Note that the usual injection $\varphi_k : M^k \rightarrow (M \oplus T)^k$ induces a module homomorphism $\mathcal{T}^k(M) \rightarrow \mathcal{T}^k(M \oplus T)$; we claim that this map is injective. It suffices to prove injectivity on simple tensors. To that end, suppose $z = m_1 \otimes \cdots \otimes m_k$ and $\varphi_k(z) = 0$. Then we have $(m_1,0) \otimes \cdots \otimes (m_k,0) = 0$ in $\mathcal{T}^k(M \oplus T)$. Now recall that tensor products distribute over direct sums, so that $\mathcal{T}^k(M \oplus T)$ is module isomorphic to the direct sum over all possible $k$-factor tensor products of $M$ and $T$ via the map which selects the $M$– or $T$-coordinate as appropriate. (For example, $(a_1,b_1) \otimes (a_2,b_2) \mapsto a_1 \otimes a_2 + a_1 \otimes b_2 + b_1 \otimes a_2 + b_1 \otimes b_2$.) Note that under this map, $\varphi_k(z)$ is zero. In particular, $z = 0$ in $\mathcal{T}^k(M)$. Thus $\varphi_k$ is injective.
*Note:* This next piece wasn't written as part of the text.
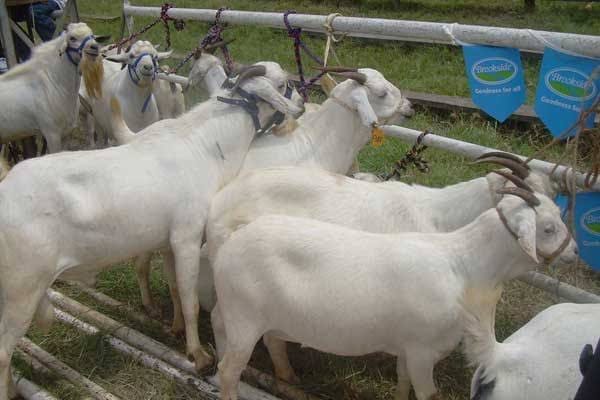 Breeding Bucks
Now note that $M$ is naturally a submodule of $\mathcal{T}(N)$, and so by the universal property of tensor algebras we have an algebra homomorphism $\varphi : \mathcal{T}(M) \rightarrow \mathcal{T}(N)$. Note that the restriction of $\varphi$ to $\mathcal{T}^k(M)$ is precisely $\varphi_k$ as described above; in particular, $\varphi$ is injective. So $\mathcal{T}(M)$ is naturally isomorphic to a subalgebra of $\mathcal{T}(N)$.
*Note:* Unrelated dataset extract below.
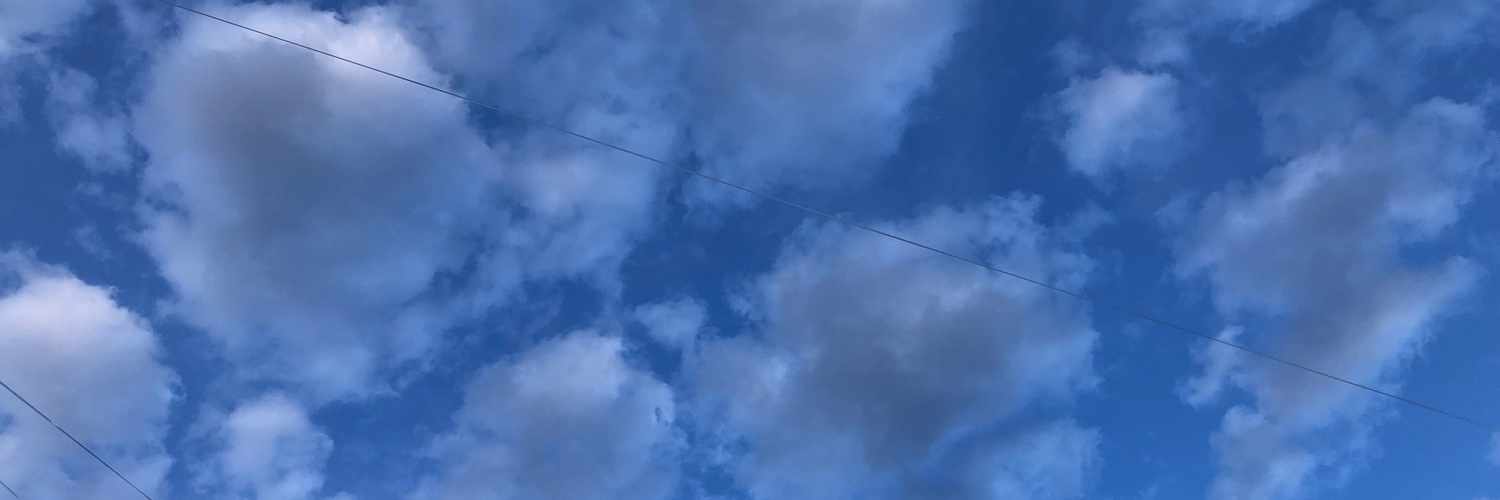 Edgloris Marys banner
Analogously, let $\psi_k : \mathcal{S}^k(M) \rightarrow \mathcal{S}^k(M \oplus T)$ be the natural homomorphism; we claim that this map is injective. To see this, let $z \in \mathcal{T}^k(M)$ be a simple tensor and suppose $\psi_k(\overline{z}) = 0$. Then we have $\varphi_k(z) = \sum z_i \otimes ((m_{i,1},t_{i,1}) \otimes (m_{i,2},t_{i,2}) - (m_{2,i},t_{2,i}) \otimes (m_{i,1},t_{i,1})) \otimes w_i$. Using the decomposition of $\mathcal{T}^k(M \oplus T)$ as a direct sum from above, we see that $z \in \mathcal{C}^k(M)$. In particular, $\overline{z} = 0$.

Now the induced map $\psi : \mathcal{S}(M) \rightarrow \mathcal{S}(M \oplus T)$ is injective on each summand, and so is injective.

An analogous argument holds for $\bigwedge(M)$.